Art these days really can be interpreted in many many different ways, you can see this in the art galleries around the world and on the streets with all the graffiti that either looks, to some of us, like scribble, and then there is the graffiti that really has got a lot of detail in it and so it looks great. But have you ever come across a sculpture or a piece of art that just doesn’t look right?
I’ve come across three that just make me turn my head side ways and think ‘What were they thinking!?’
Hail to the Syringe – Enema Monument, Zheleznovodsk, Russia
The trusty syringe, unfortunately this isn’t the syringe we all think it is, if you know your medical instruments, or just looked up the word ‘Enema’ you would have pretty good idea of just what kind of syringe this is.
In Zheleznovodsk, Russia they thought to do a little tribute to this piece of medical equipment in the form of a bronze sculpture of three angels carrying a 360kg syringe bulb.
At the unveiling of this monument there was a banner strung up with the lovely message of ‘Let’s beat constipation and sloppiness with enemas.’

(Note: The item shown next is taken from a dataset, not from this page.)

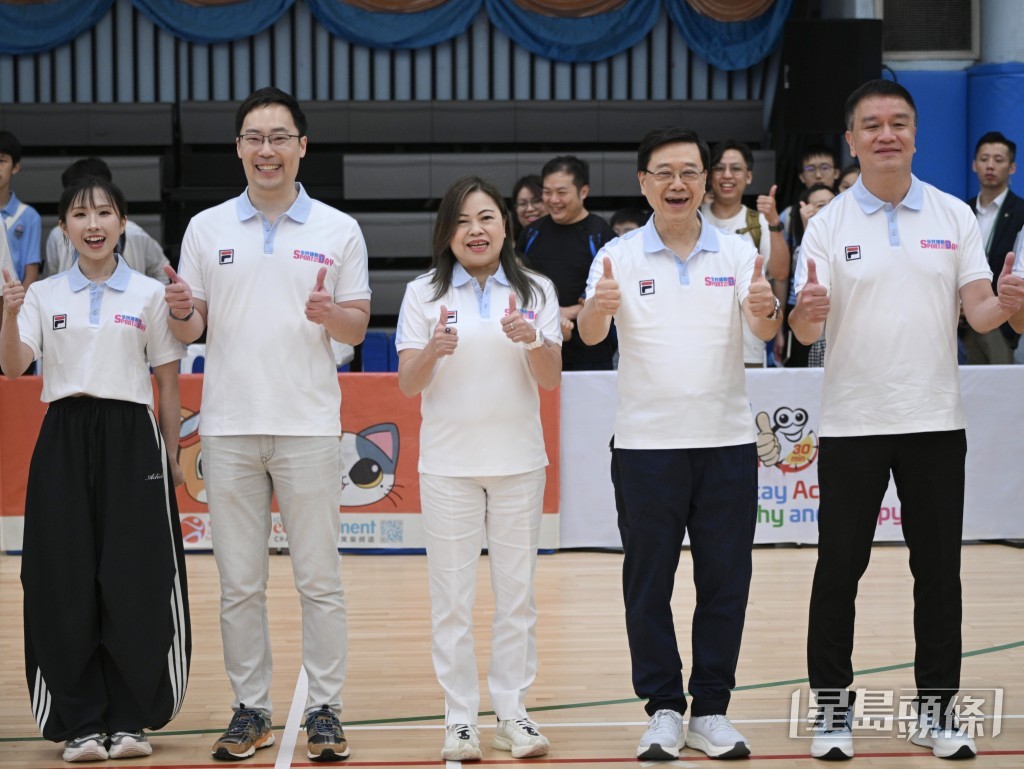 行政長官李家超(右二)、文體旅局局長羅淑佩(中)、體育專員蔡健斌(左二)和康文署署長陳詠雯等一同參與活動。 行政長官李家超(右二)、文體旅局局長羅淑佩(中)、體育專員蔡健斌(左二)和康文署署長陳詠雯等一同參與活動。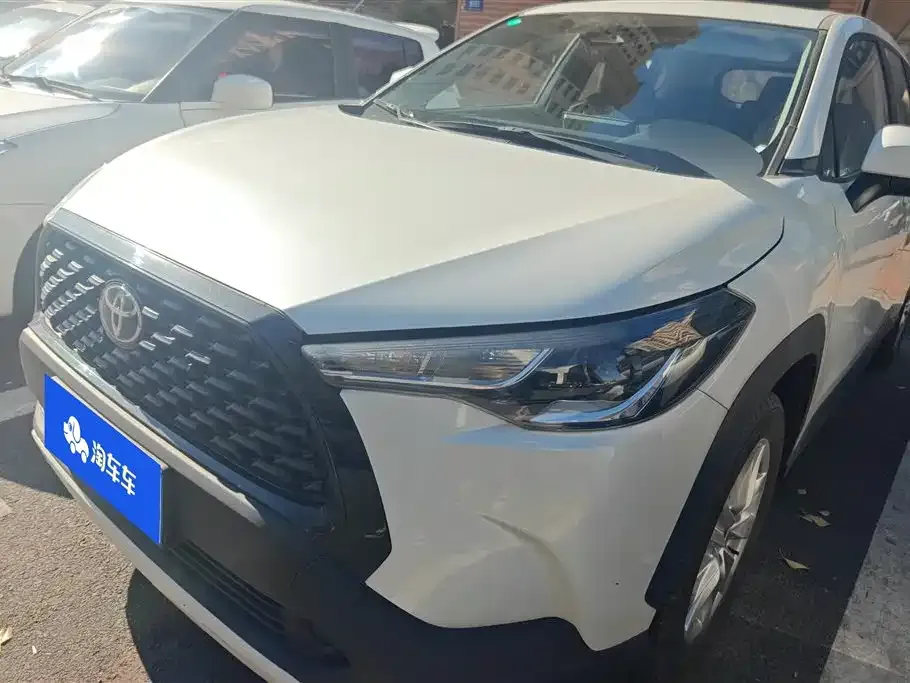 Toyota Corolla Cross — фото 1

An Ogre – Kindlifresserbrunnen, Bern, Switzerland
Very well known sculptures, especially on postcards are these 11 decorative fountains which date back from the 16th century, all of different folklore characters and historic figures. They say the most famous of them all is in Kornhausplatz: The Kindlifresserbrunnen or Ogre Fountain.
Depicting an Ogre in historic clothing, with two children in a basket, one under his arm and another head first in his mouth! If you have misbehaving children then this might just be the place to take them.

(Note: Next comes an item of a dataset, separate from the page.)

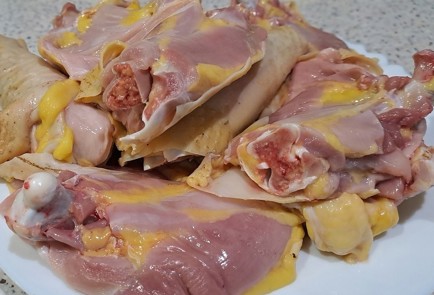 Фото шага рецепта Курица с яблоками в духовке 190604 шаг 2  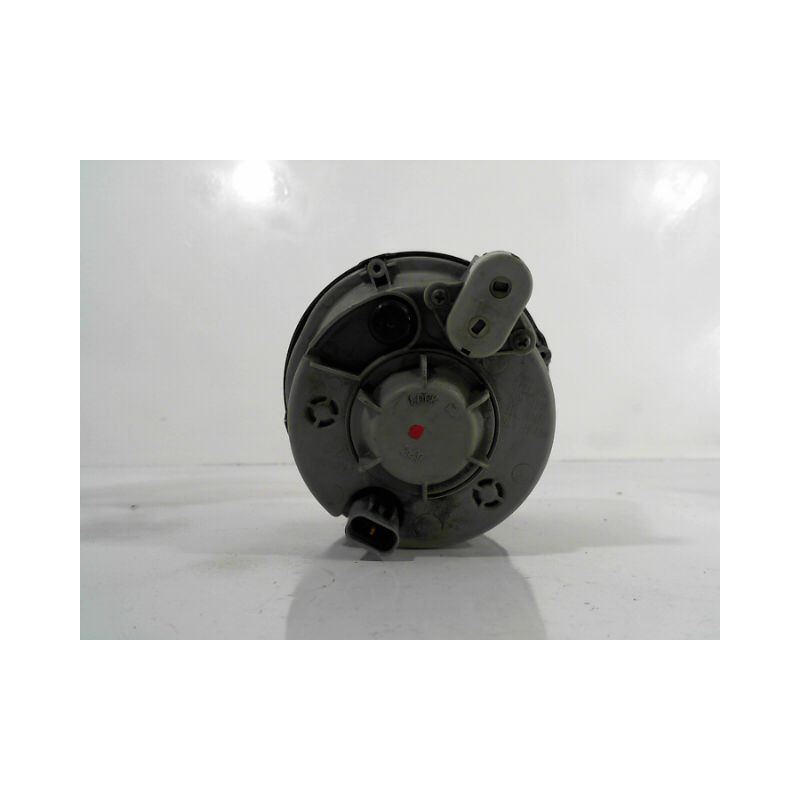 PHARE ANTIBROUILLARD AVANT DROIT HYUNDAI SANTA FE 4X4 00-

Bit of This and That – Memento Park, Budapest, Hungary
Some countries are so very proud of their leaders, current or past that they erect statues or monuments in their honor. Memento Park in Budapest, Hungary is no different except for maybe having the widest variety of these statues, including ones from the scrapheap.
Lenin and Marx are the favourites for this park which hosts over 50 different statues, busts and plaques. The most recent relics being erected back in the late 1980’s, there are even replicated relics of Stalin’s boots, which incidentally, were all that was left after a crowd pulled his huge statue down in the 1956 uprising.